Baykal’ın haline baksanıza.. Kadının fendi, Baykal’ı yendi. “Ne Atom bombası, ne Londra konferansı.” Ne Ergenekon davası.. Baykal gitti gider.. İran’la Brezilya arasındaki nükleer takasın Türkiye’de gerçekleşmesi bile Baykal’ın uçkur hikayesi kadar ilgi uyandırmadı..
En haklı savaşlarda bile ihanetler olabilir. En alçakça savaşların ortasında bile parlayan bir vicdan kırıntısı bulabilirsiniz.. Hz. Ali, Hz. Hasan’ı-Hüseyin’i şehid edenler kimlerdi?
Halepçe’ye kimyasal gaz atanlar kimlerdi.. İslâm ülkelerinde Guantanamo’dan beter işkencehaneleri olan ülkeler yok mu?
Zalim bir yönetimin ordusunda merhametli insanlar olabileceği gibi, İslâm ülkeleri askerleri arasında da hainler yok mu? Olamaz mı?
Cihad diye yola çıkıp, Müslüman kardeşinin malını, canını helal gören, eşini cariye yapmaya kalkan hainler bile oldu. Ya da silah bırakıp, eman dileyen esir aldığı kişiyi infaz eden de..
Bazı hainler de, bakarsınız, bedenine zarar vermez, ruhunu çürütür insanın.. Kimi zalimler ezanı yasakladı, camileri ahır yaptı, kimi güzel büyük camiler inşaa etti, en güzel avizeler, halılarla donattı camiyi, bülbül sesli hafızlara Kur’an-ı Kerim okuttu ama aslında inşaa edilen camiler, sanki birer “Dırar mescidi” idi..
Her topluluk içinde hainler de vardır, asil insanlar da.. Kan tartılarak adalet ölçülmez.. “Biz” diye konuşan insanlardan korkarım bazen.. O “biz”in içinde bazen güç ve iktidar hırsı, bazen boyun eğdirme çabası, bazen övünme, güç gösterisi, büyüklük taslama, meydan okuma ve tehdit vardır.. Çoğu “Biz zalimlerden olduk” diye başlamaz söze.. Yoksa egoistçe söylenmiş bir “ben”den , tevazu içinde bir “biz” daha iyidir elbette.. Şeytanının “ben”inde, aslında ateşten ve topraktan yaratılanları gruplayan gizli bir “biz” vardı.. O Hz. Adem’den olduğunu iddia ediyordu, Şeytanın manevi evlatları, Adem oğullarının başına musallat olarak o lânetli mirasın davacısı oldular bir bakıma.. “Ben”ler “biz”e dönüştü. Onun için Cenab-ı Hak “Zulümde birleşmeyin”, “Hakta toplanın” der. Bize, “Bana Hakkı Hak, batılı batıl göster” diye dua ettirir, her rekat namazda..

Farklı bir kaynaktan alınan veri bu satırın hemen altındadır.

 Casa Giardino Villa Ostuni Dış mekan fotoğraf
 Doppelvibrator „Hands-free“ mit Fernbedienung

Akdeniz’de sular nasıl olacak bilmiyorum ama, benim beynimde ve ruhumda, hiç dinmeyen bir çalkantı var.. Med ve cezirler ayı, güneşi beklemez.. Korku ve umud arasında gider gelirim..

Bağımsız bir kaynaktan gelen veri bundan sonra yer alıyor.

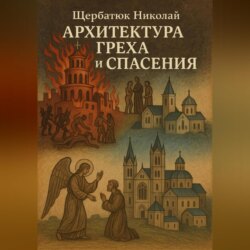 Архитектура греха и спасения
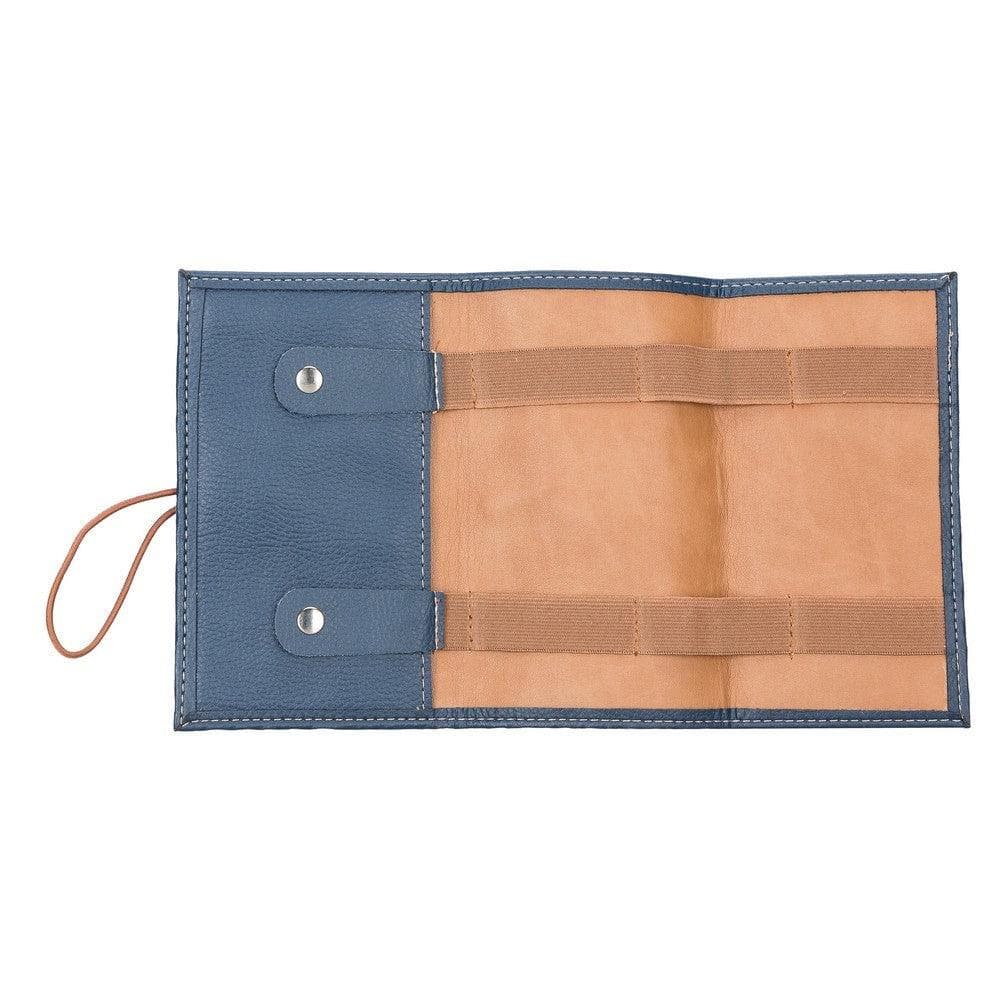 Vinci - PU Leather Business Organizer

Sahi, bu arada siz ne yapıyorsunuz..
Allah’ın (c.c.) indinde yerinizi bilmek isterseniz, size küçük bir sır vereyim. Allah’ın (c.c.) sizi neyle meşgul ettiğine bakın. Bu dünyada yaptıklarınız ve yapmanız gerekirken yapmadıklarınızla, ya kendi cennetinize sırtınızda tuğla, ya da kendi cehenneminize sırtınızda odun taşıyor olacaksınız.
Selam ve dua ile..
Not: Afganistan’da düşen uçakta yolculuk eden ve hâlâ kendilerine ulaşılamayan iki İHH gönüllüsünün dirisi ya da şehid olmuşlarsa aziz hatıraları için el Fatiha.. Ve bu vesile ile İslâm ümmetinin İzzet’ini temsil eden İzzetimize geçmiş olsun diyor, tebrik ediyor, o, sizler ve kendi ailem için Allah’tan rahmet diliyorum.